Player Rater: CP3 on top, may stay there
Let's start with the obvious. Players rise and fall on the Player Rater quite a bit, especially in the early weeks of the season. That's because the difference in the number of games played thanks to scheduling is still significant enough to skew the numbers. (Remember, the Player Rater uses totals, not averages.) One big game can give a player a huge but unsustainable boost, and one bad game can drop a player far below what his value should be for future games.Take a look at the Kings' Spencer Hawes, who had six blocks against the Timberwolves to open the season but now is rated equally with Josh Smith in the blocks category. So both are good at blocking shots, right? Well, maybe. Hawes followed up that performance with zero blocks against Miami and one block against Orlando.
You must be careful in the early going. The Player Rater is a tool. Use it to fleece your leaguemates. If you have Hawes on your squad, try trading him to a Kings fan while his value is high for an underachiever you expect to return to form soon, such as Mehmet Okur or Al Horford. The Player Rater is your friend. Study it. Know it.
The following players have been better than advertised and should continue to significantly outperform their average draft position all season long (current overall rank in parentheses):
Chris Paul, PG, Hornets (1): He is the best fantasy basketball player we have, folks. He's tops on the Rater by a comfortable margin, and he's not doing anything that he can't keep doing all season. Would you bet that Paul couldn't average 12 assists, shoot 50 percent and grab 5.3 rebounds for the whole season? All those numbers are slight improvements from last season's averages for CP3, but for him to sustain those averages is not unreasonable. In fact, his steals and 3-pointers-made averages probably will rise from where they are through three games. Offer the entire kingdom for him; it wouldn't be a mistake.
Ron Artest, SF, Rockets (14): So far, his averages actually are down almost all the way across the board (except 3s), so this rating was a total surprise to me. I certainly won't tell you that a motivated Artest can't be a top-15 fantasy player. If you drafted him in your league, congrats. I think he'll be here all year.

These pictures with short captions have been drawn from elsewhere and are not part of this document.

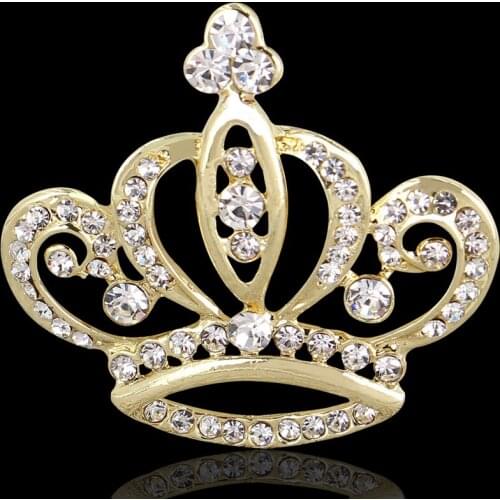 Noble Classic Men Personality Golden Big Crown Brooch Pin For Women Fashion Party Wedding Brooch Accessoris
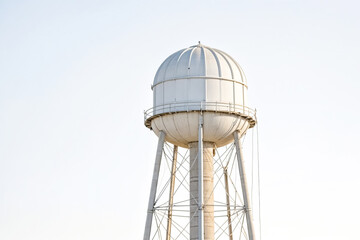 White Water Tower Against a Bright Blue Sky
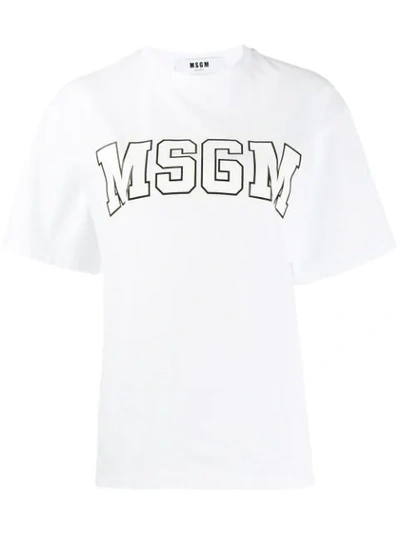 Shop Msgm Logo Outline T In White
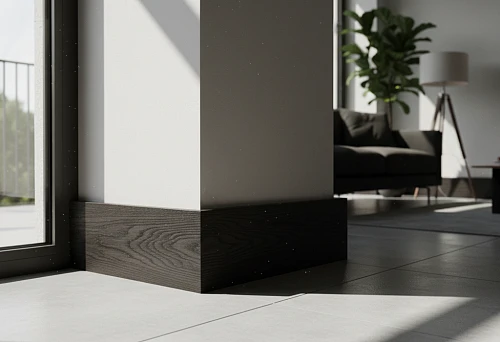 Wide dark oak wooden skirting board along a wall with a panoramic window in a modern interior, creating an 'expensive walls' effect and emphasizing the room's geometry
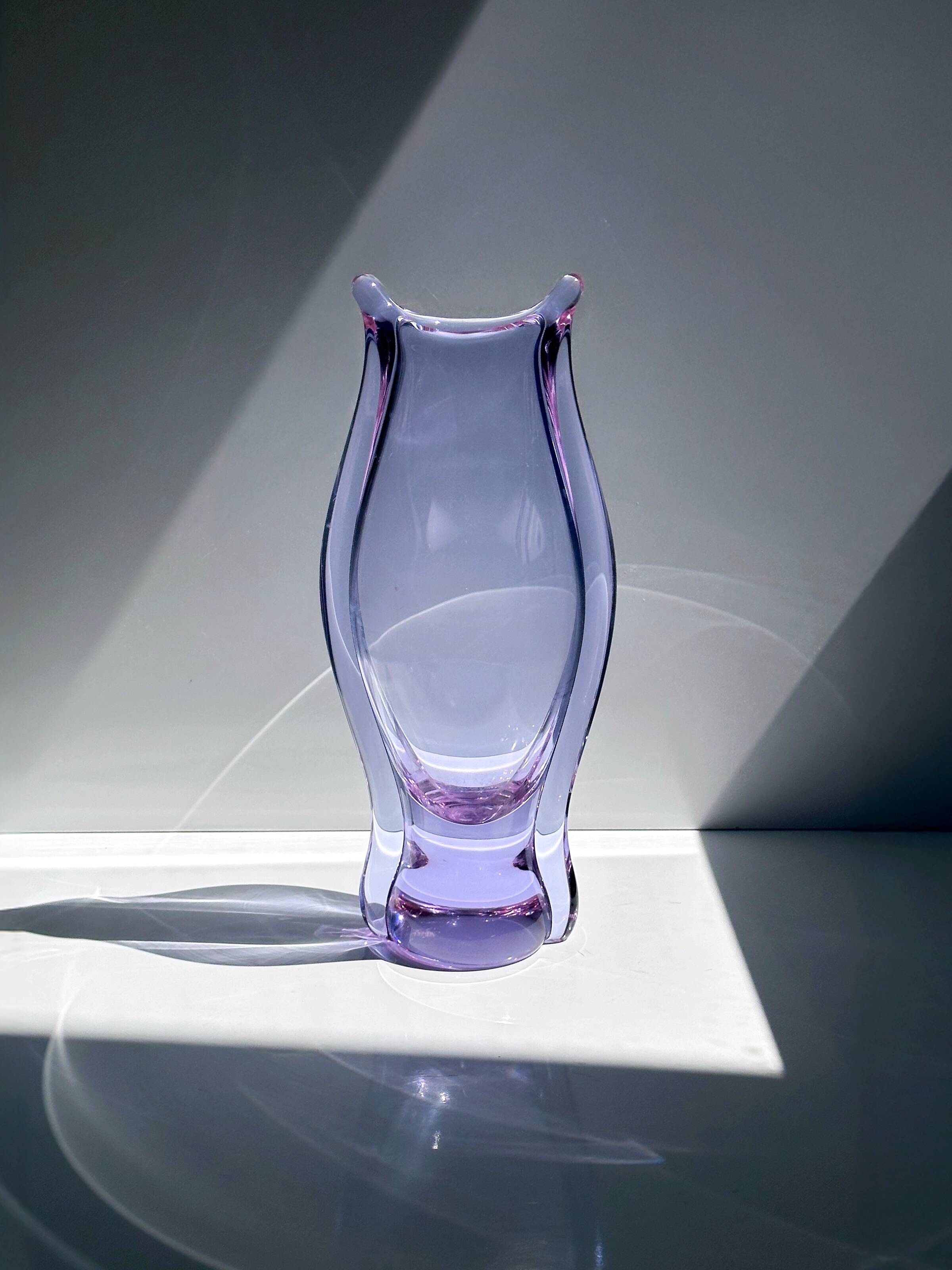 Bohemian Alexandrite Glass Vase by Miroslav Klinger 1960s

Derrick Rose, PG, Bulls (36): No one thought he would be this good right away. He has averaged 18.3 points and more than four rebounds and four assists. There is, however, a reason he was the No. 1 pick in the draft. He's big and strong enough to play in the NBA, and there's no reason he shouldn't continue to improve all season. He's an ideal sell-high guy because of the chance he'll run into a big rookie wall at some point, but if I had him, I don't know whether I could part with him.
Thaddeus Young, SF, 76ers (82): He's outperforming his ADP (114) specifically on the strength of one really good game against the Hawks in which he scored 22 points and hit four 3s. What's surprising is that even though he averaged 1.0 steals in just 21 minutes last season, he's yet to earn a steal through three games so far. The 3s are here to stay. The steals will come, and when they do, it will be clear why he'll be such a good fantasy player.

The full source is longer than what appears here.